Thank you and sorry for late reply.
Yes, that's what it means. The sharp field of view of human vision is only 0.5 to 1 degree wide depending how strictly you define sharpness. This means, in your typical binoculars with 60-degree apparent field of view, only 1/3600 of the visible area is seen sharply at any given time!! The entire field of view is perceived via a series of scans whose exact order we don't remember consciously. The Russian scientist
Alfred Yarbus has made numerous studies of human eye movements when examining a scene.
The "unsharp" part of human's field of view is used for proprioception (figuring out where we are in the world) and detection of movement (both self-movement and movement of other objects).

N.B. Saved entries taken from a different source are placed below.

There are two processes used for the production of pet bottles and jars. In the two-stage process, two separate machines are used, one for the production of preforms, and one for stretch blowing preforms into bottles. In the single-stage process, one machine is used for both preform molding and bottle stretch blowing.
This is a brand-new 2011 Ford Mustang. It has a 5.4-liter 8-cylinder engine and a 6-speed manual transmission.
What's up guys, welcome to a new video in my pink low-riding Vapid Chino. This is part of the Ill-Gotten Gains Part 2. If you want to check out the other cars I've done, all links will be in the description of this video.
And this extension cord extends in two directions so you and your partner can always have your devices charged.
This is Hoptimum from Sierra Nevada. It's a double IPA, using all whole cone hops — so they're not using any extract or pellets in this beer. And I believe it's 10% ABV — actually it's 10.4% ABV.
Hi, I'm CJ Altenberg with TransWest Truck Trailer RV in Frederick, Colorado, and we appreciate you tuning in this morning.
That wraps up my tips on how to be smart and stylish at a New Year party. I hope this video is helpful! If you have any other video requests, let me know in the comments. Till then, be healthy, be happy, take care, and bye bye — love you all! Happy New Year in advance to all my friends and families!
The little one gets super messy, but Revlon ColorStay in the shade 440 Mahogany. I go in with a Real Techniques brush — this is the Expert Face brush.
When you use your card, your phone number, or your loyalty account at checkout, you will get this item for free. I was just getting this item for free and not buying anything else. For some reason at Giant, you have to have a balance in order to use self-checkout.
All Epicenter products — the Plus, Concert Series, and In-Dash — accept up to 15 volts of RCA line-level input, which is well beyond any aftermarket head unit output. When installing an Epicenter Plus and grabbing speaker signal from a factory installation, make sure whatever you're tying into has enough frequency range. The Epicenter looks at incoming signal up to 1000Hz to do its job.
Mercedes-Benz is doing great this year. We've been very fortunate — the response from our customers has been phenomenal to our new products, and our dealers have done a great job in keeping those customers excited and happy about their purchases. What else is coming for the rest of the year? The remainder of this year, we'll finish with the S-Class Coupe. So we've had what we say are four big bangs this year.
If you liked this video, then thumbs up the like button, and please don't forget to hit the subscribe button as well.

A most astonishing fact: In humans and other primates, the visual information is branched into 6 parallel pathways after going through the Lateral Geniculate Nucleus (LGN). Four of these pathways carry color information while the other two carry only luminance information.
Perspective,
stereoscopic vision,
form and
movement are processed by the pathway which is not color selective!
One part of the brain works only in black-and-white and creates line-drawings of the visual world. Another part of the brain paints these line drawings
if time permits!
See Margaret Livingstone and David Hubel,
Segregation of Form, Color, Movement, and Depth: Anatomy, Physiology, and Perception, Science, Vol. 240, May 1988 (Dr. Hubel won the Nobel Prize for his work on eye physiology in 1981. He has passed away. His student, Dr. Livingstone, deserve to win one as well.)